## Required action
Reproduce only this stretch of the listing below: from the line with "Modern and fashion clothes store" through the line with "3DS Dosya Biçimini", exactly as written, with pictures excluded.

## Provided entries

▶

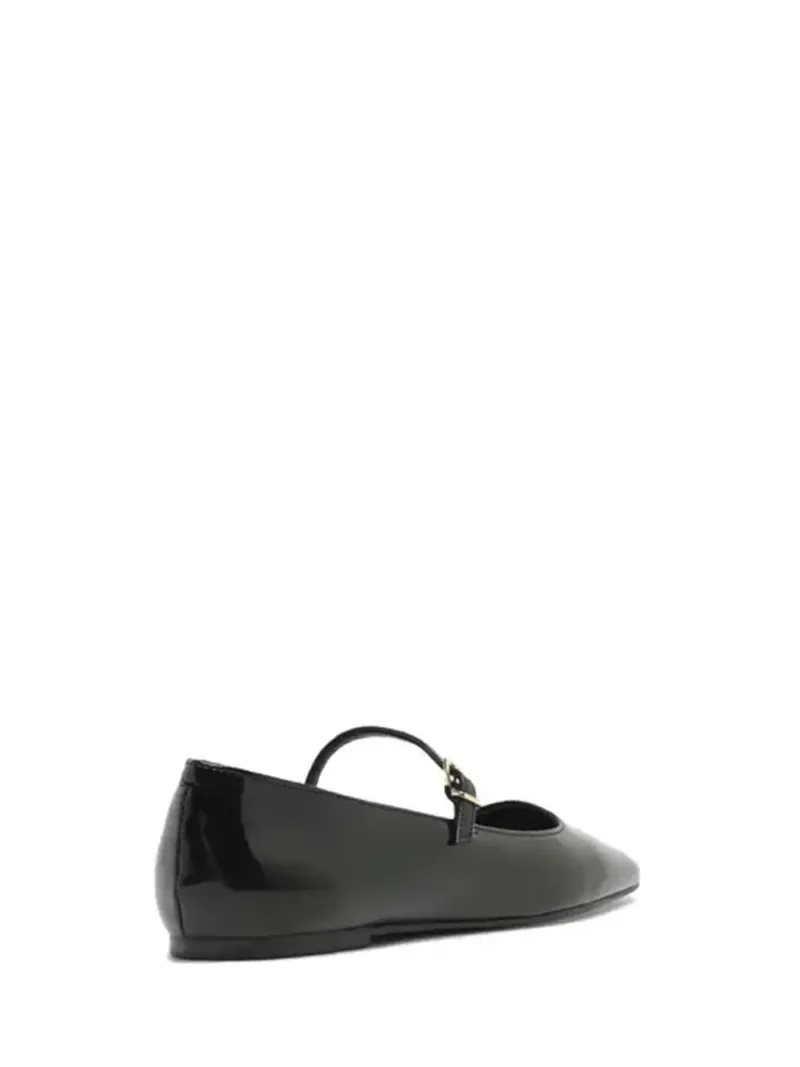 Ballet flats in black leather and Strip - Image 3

◀
▶

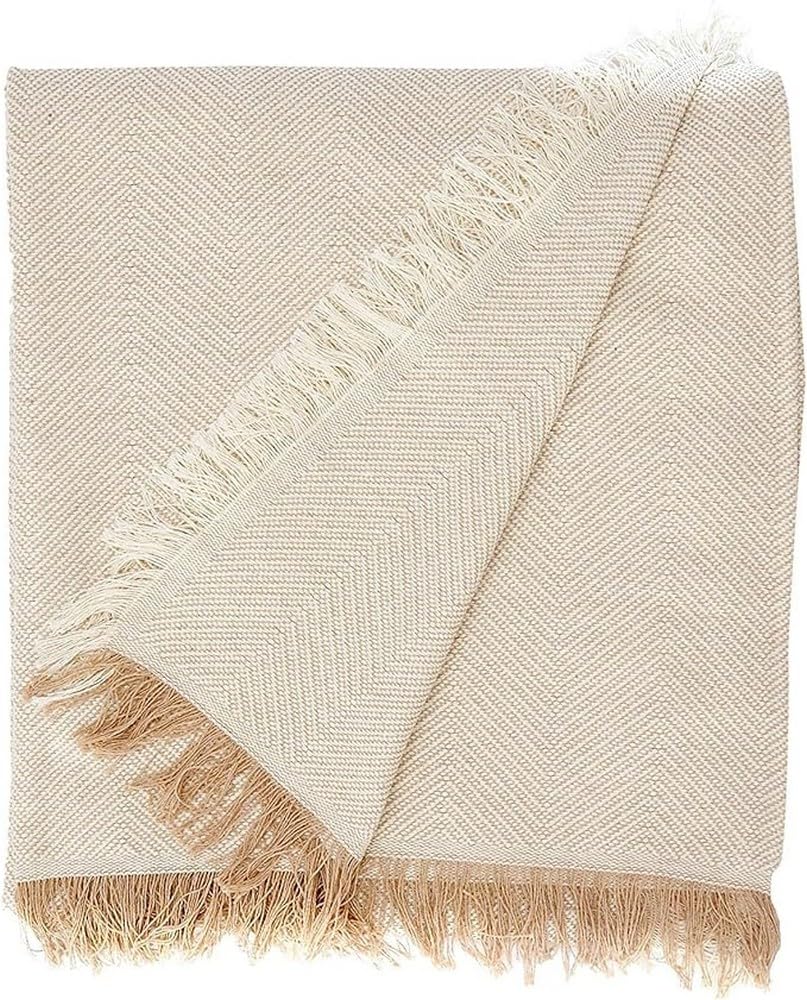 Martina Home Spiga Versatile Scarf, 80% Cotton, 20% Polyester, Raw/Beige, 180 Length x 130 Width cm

◀
▶

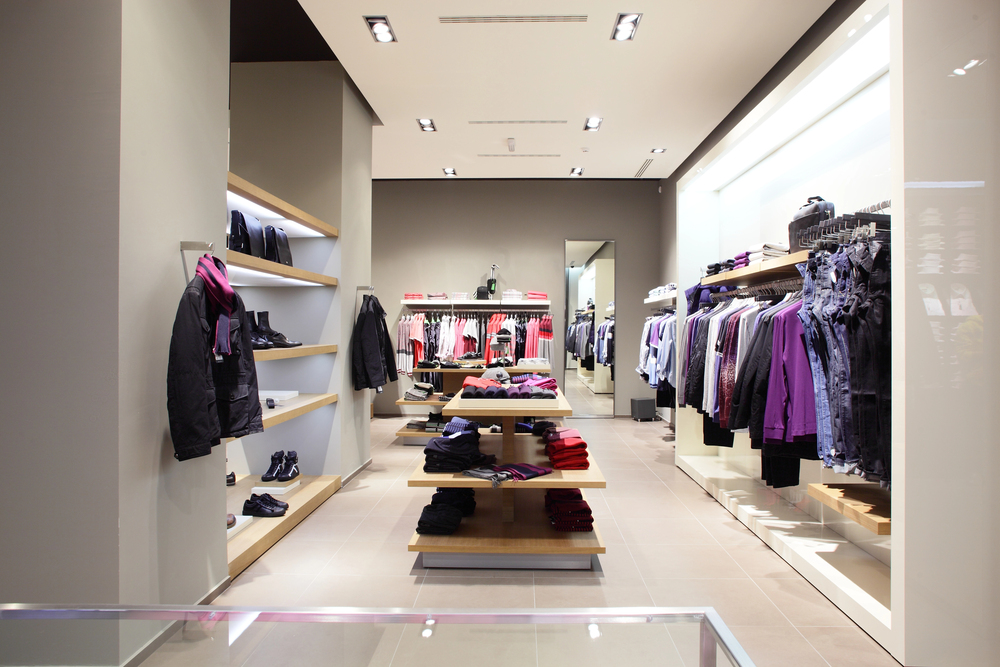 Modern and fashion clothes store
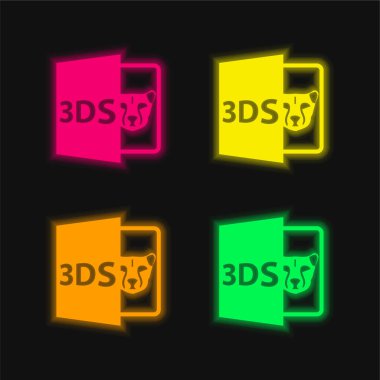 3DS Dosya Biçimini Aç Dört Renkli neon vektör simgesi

◀

## Solution
 Modern and fashion clothes store
 3DS Dosya Biçimini Aç Dört Renkli neon vektör simgesi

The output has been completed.